In a high fantasy feminist epic, a revolutionary spell gives women the ability to control their own fertility—with consequences that rock their patriarchal society to its core.
When a nobleman’s first duty is to produce a male heir, women are treated like possessions and bargaining chips. But as the aftereffects of a world-altering spell ripple out physically and culturally, women at last have a bargaining chip of their own. And two women in particular find themselves at the crossroads of change.
Alys is the widowed mother of two teenage children, and the disinherited daughter of a king. Her existence has been carefully proscribed, but now she discovers a fierce talent not only for politics but also for magic—once deemed solely the domain of men. Meanwhile, in a neighboring kingdom, young Ellin finds herself unexpectedly on the throne after the sudden death of her grandfather the king and everyone else who stood ahead of her in the line of succession. Conventional wisdom holds that she will marry quickly, then quietly surrender the throne to her new husband…. Only, Ellin has other ideas.
The tensions building in the two kingdoms grow abruptly worse when a caravan of exiled women and their escort of disgraced soldiers stumbles upon a new source of magic in what was once uninhabitable desert. This new and revolutionary magic—which only women can wield—threatens to tear down what is left of the patriarchy. And the men who currently hold power will do anything to fight back.
Review of The Women’s War
The Women’s War is one hell of a story. Based on a society where women are considered second-class citizens, if they are lucky, this is the story of revolution led by two extraordinary women.
Alysoon Rai-Brynna is a widowed mother of two and daughter of a king. When her father divorced her mother in favor of a more politically advantageous marriage, Alys and her brother were declared illegitimate. And her mother became an Unwanted, sentenced to life at the Abbey.
Princess Ellinsoltah of Rhozinolm will become queen when the two most likely male candidates to the throne would most like cause a war. The plan: after her year of mourning, Ellin will take a husband who will then become king. Or so her council thinks.
These two women will become the pivotal characters who react and overcome so many obstacles thrown at them in the aftermath of the world-altering spell.
The story is complex and so many characters lives are intertwined it is impossible to represent all of that here in a review. So I will pick and choose a few characters…
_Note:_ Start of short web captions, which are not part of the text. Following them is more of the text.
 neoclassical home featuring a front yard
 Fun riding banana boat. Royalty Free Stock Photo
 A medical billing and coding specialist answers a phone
Crown Prince Delnamel (half-brother to Alys and Tynthanal) is the villain to boo at every time he turns up. Occasionally, he seems to have a teeny tiny bit of heart, but don’t let that fool you. There is one horrible scene where Delnamel arrests three senior abigails and then allows his men to rape the women of the Abbey. My heart ached at the scene, but it a critical event that changes the raped women in such a way that those men will have cause to regret.
Tynthanal, brother of Alys and lieutenant commander at the Citadel, escorts the women of the Abbey to the wasteland to their new home. It is because of him that the women discover the new Well of magical elements. Thus Women’s Well was founded. Tynthanal is one of the few male feminists in the book.
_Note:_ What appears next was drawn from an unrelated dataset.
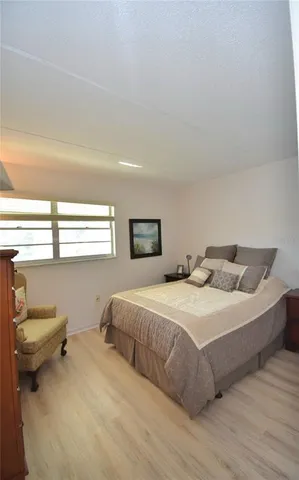a view of a room with an empty space and a ceiling fan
Semsulin, is the lord chancellor and head of the royal council of Rhozinolm. He is the man who talked Ellin into taking the crown. His motives are not entirely clear, though as the book goes on, he seems to support Ellin more and more. I think he only wants what is best for the kingdom and that is a difficult thing to determine.
In a society where only men are allowed to use magic, it will come as quite a shock when those men learn that women are not only able to use magic in many ways, but they are also quite good at. If they don’t make room for women as equals, they will loose. Take as much of that as you wish as a commentary on any aspect of women’s history in our own world.
The cover by Elizabeth A.D. Eno, is beautiful and inciteful and truly represents the story. Ms. Eno must have read the book before she crafted her cover.
The Women’s War is 560 pages long according to the published page counts. You would think 560 would be enough to tell a story. It isn’t. Be prepared for a huge cliffhanger. The only characters whose stories are resolved are the ones that died. The description on NetGalley gave no indication that this was the first book of a series. The Women’s War gets 4 stars from me, losing one star due to the gigantic cliffhanger. (I may have thrown a fit when I finished the book. I don’t remember. It is all kind of fuzzy.) But if I was the type of reader who didn’t mind cliffhangers, I would give it all 5 stars.
Heartbreaking, hopeful, magical and emotional. The Women’s War truly is an amazing story.
Here is a quote from the book. It was said by Alys’s mother, right before the world upended:
Something is going to happen tonight. Something … momentous. Something that will change the world in ways I can’t entirely foresee.
Through Netgalley, the publisher provided a copy of this book in exchange for my honest review.